As much as possible, especially in the case of little girls, the child should be given the opportunity to do many little tasks that make family life run more smoothly: to set the table, to dust up a room, to arrange a bouquet, to take care of the baby. Such assignments should not be presented to them as burdensome tasks but as an aid toward the common good, a lightening of mamma’s work so that they are joyful about it even if it demands an effort, upsets their well-laid plans or requires a sacrifice. Often the child will be delighted, proud of its importance. However, care must be taken to appeal not to vanity but to responsibility.
A delicate point to consider is the question of friendships. Should the child be permitted to associate with children who are not, as we say, of their class? They will meet in school. If these possible friends are morally good and well-mannered, why not? It will offer a fine opportunity to show that money is not everything, that the only true worth is virtue and human dignity. The child may be too much inclined to pair off only with those who belong to the same social circle or environment; that flatters its vanity. The parents should react to this tendency by teaching the little one that it ought to share with a comrade who is less privileged and while avoiding indiscriminate associations with anybody and everybody, seek out as friends not the best dressed but those who are the best students, the most truly pious, the strongest personalities for good, in a word, those that deserve most esteem.
Should the family circumstances require sacrifices, show the child that there are people who are poorer; silence all jealousy. When the time comes for a choice of profession, direct the boy or girl to choose judiciously not according to possible profit or financial returns but according to the possibilities for best serving society, the common good.
Generous parents will not hesitate, if the child’s qualifications are adequate and the opportune moment presents itself, to speak of vocations of complete consecration, the priesthood, religious life. There are so many needs in the world. “The harvest indeed is great, but the laborers are few.” They enlist their children’s interest. A priest? Why not he? A religious? Why not she?
That supposes a spirit of detachment in the parents, an informed appreciation for the needs of the Church, love of the general good of Christianity, the sacrifice of little hopes for building up a new family. Yes, it means that.
Such parents will often call attention to the distress of the world; to the struggle of nations among themselves. They will explain to their children that union alone is fruitful; furthermore, that union alone is truly Christian.
What an inspiring example do those children have whose father has always been a man of broad sympathies and a generous heart, highly social-minded; if in his profession he has always tried to serve rather than merely to earn money; if a lawyer, he has always been concerned for justice; if an industrialist, he has applied himself to bettering the human aspects of production; if a merchant, he has been attentive to injure no one; if a doctor, he has sacrificed himself to do the most possible good; if an employee, he has given his time loyally and honestly to his work — a worker eager for work well done and the social defense of his profession.

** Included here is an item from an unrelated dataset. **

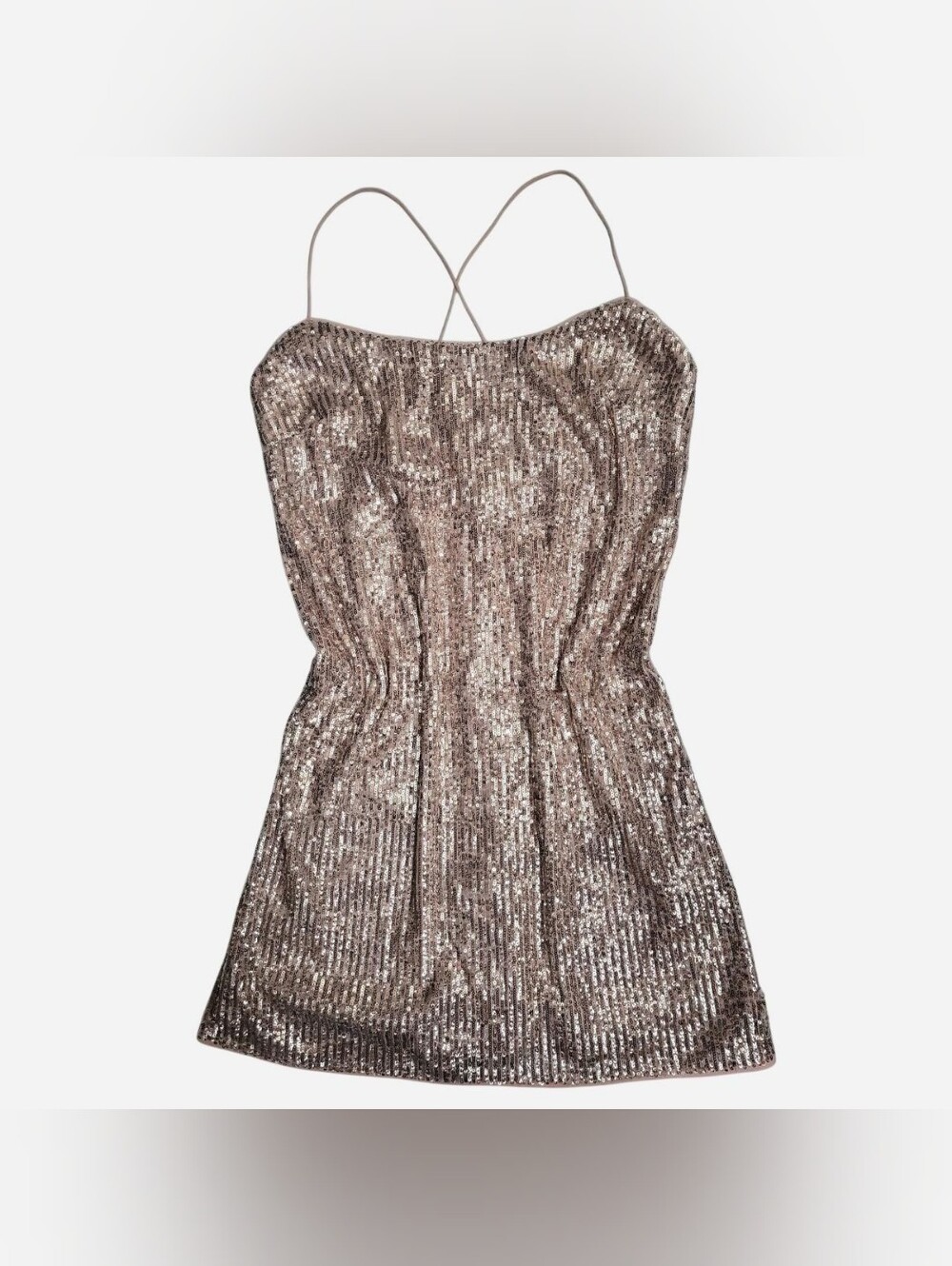 Adrianna Papell Rose Gold Sequin Party Dress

The boy and girl learn from this to consider their chosen professions or careers as future social service. They get out of their narrow selfish views, which formerly warped their characters — they emerge with souls truly formed.
TRAINING IN SOCIAL RESPONSIBILITY. (3) Thinking of others.
IF WE are alert to seize the occasions, everything can serve to teach children to guess or at least to understand the needs and requirements of others.
A little girl who could no longer be called a baby had not as yet any brother or sister. One day she noticed her mother busy with the details of a layette, a set of clothing for a new-born: “Is all that for Liette, mamma?” She was Liette. “No dear, not for Liette, but for a little brother or sister who is going to come.”
Liette was utterly stupefied. What was this? Mother was not working only for her then!
The first school for social consciousness is the family. What a handicap if mother has never worked for anyone but Liette, if Liette remained an only child! We can readily guess what selfishness she would have been capable of displaying.
The family is together: “It’s so stuffy here; I’m going to open the window.”
“No, grandmother has a cold.”
The child understands it is not alone; others count.
The family lives in an apartment. The children are making an uproar. “Gently, children; we must not disturb the people downstairs. Not so much noise.” Others count.
The little girl is learning how to keep house. She shakes her dust-cloth out of the window. “Did you look to see if someone was passing by?”
To know that other people exist and to understand that we must restrain ourselves for them is the root of social consciousness. A person would think that we all would have it and to spare.
Unfortunately, experience proves otherwise.
Mother and child go to a neighboring park for play. How tempting to make little sand piles all along the bench beside mamma! “You will see; I will not get you dirty, mamma.”
“No, my little one, but you are not thinking of the people who may come in a little while to sit on this bench.”
The street as well as a public garden can offer opportunities for such lessons. “Step aside dear. Don’t you see that mother who is pushing her baby buggy; let her pass.”
On the streetcar: “Give your place to the lady.”
In a train: “Take turns sitting by the window.” “Let’s not speak so loud; it will disturb other people’s conversation or their reading.”
On a visit: “The steps have just been scrubbed; clean your shoes on the mat and walk along the edge so as not to track them up for the lady.”
All this is rounded out in Catechism lessons. “Then in heaven I will be with some poor little child, won’t I? We’ll both be rich in the goodness of God!”
Children of poor families should be taught the dignity of poverty and labor, the duty of contributing one’s best efforts to lift the living conditions and social status of their group.
Children of wealthy families should be taught their responsibility toward the working classes; they should be taught how far material, moral, and spiritual destitution can go and what they ought to do to learn how to remedy it.
TRAINING IN SOCIAL RESPONSIBILITY. (4) Prevention is better than Cure.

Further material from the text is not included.